THE niece of rightwing leader Marine Le Pen has claimed she is “convinced” the French will one day elect a nationalist leader, sending a huge warning to current President Emmanuel Macron. Marion Maréchal delivered the bold warning to Emmanuel Macron on Saturday, but steered clear of declaring herself as a candidate for the 2022 presidential election.

“Tomorrow, and I am firmly convinced about this, we will be in power,” Marion Maréchal told a conservative conference in Paris.

“I hear the impatience and the frustrations … but who can honestly imagine that our ideas will one day come to power if we do not first overcome yesterday’s partisan barriers?” she added, in reference to her recent call for an alliance between the right and far-right.

The squabbles of the Le Pen family have made the headlines in recent years, though Mme Le Pen has denied claims her niece has secret ambitions to rule.

Mme Le Pen’s crushing defeat to Emmanuel Macron in the 2017 presidential race weakened her and exposed deep divisions within her eurosceptic, anti-immigration party, which Mlle Maréchal quit later that year.

But with Saturday’s gathering, called the “Convention of the Right” and featuring high-profile conservative polemicists, Mlle Maréchal is making sure she remains in the spotlight as she attempts to bring the far-right into the political mainstream and win over more moderate right-wing voters.

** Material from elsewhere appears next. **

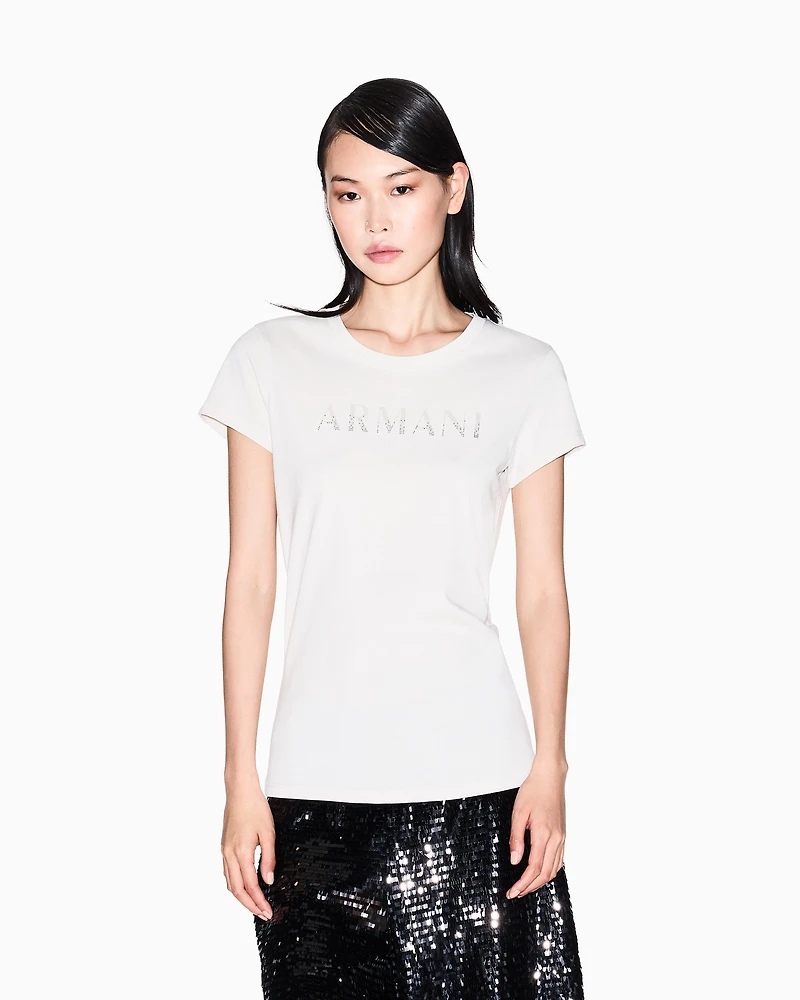 Armani Exchange - Stretch cotton T-shirt, Woman, Beige, Size:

The former 29-year-old lawmaker, who dropped “Le Pen” from her name last year, is viewed by many voters as the possible future leader of her aunt’s Rassemblement National (RN) party, maybe as soon as the 2022 vote.

Mme Le Pen, however, has denied any rivalry between herself and her niece, saying recently that she believed Mlle Maréchal had no “secret ambitions” to push her out and seize control of the RN, formerly known as the Front National.

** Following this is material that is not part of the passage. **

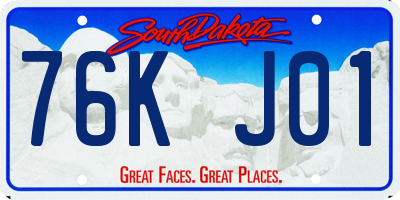 SD license plate 76KJ01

But the right-winger appeared to pour cold water over her niece’s political ambitions on Sunday, telling France 3 television that the “only” way to win power was to connect with voters by “going out into the field” and “standing for election”.

She told reporters earlier this month: “I don’t believe at all she has ambitions to be a presidential candidate in 2022. 

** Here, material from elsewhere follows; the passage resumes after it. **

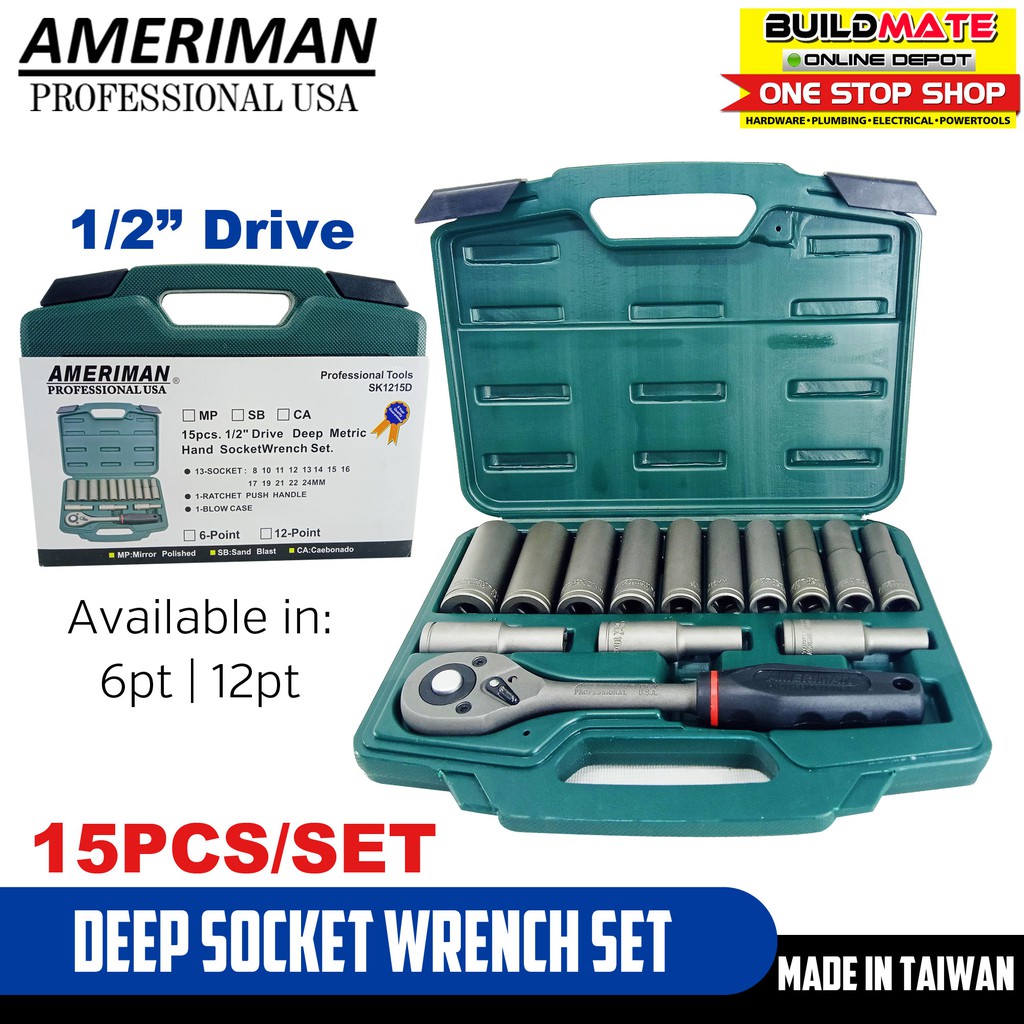Ameriman 1/2" Drive Deep Metric Hand Long Socket Wrench 15PCS/SET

“At least, that’s what she told me and I have no reason not to believe her.”

Mme Le Pen has openly discussed her plans to run in the 2022 election, saying just two weeks ago that “each election is an opportunity for our political family to attach another carabiner on the slope leading up to the summit – and the summit is the Elysée.”

In June, Mme Le Pen dismissed her niece’s claim that the new faultline in French politics was between the left and the right, insisting that the battle for power was between nationalists like herself and globalists like Mr Macron.

“The new divide is blowing up the traditional parties,” she told the news channel BFMTV, adding that her niece’s claim that the right could not win power by itself and needed to join forces with the traditional right was “sad” and “pessimistic”.

Mme Le Pen Le Pen added that her party was “far” from having peaked despite its recent electoral setback.

The leader has always been careful to avoid publicly locking horns with her niece despite their differing views on the party’s line and future.

In 2015, Mme Le Pen Le Pen kicked her father, controversial far-right veteran Jean-Marie Le Pen, out of the party he founded in the 1970s for insisting that the Holocaust was a mere “detail” of World War Two.

But M Le Pen, 91, has refused to go quietly, hauling the RN party before the courts in a series of failed attempts to be reinstated as a full-time member.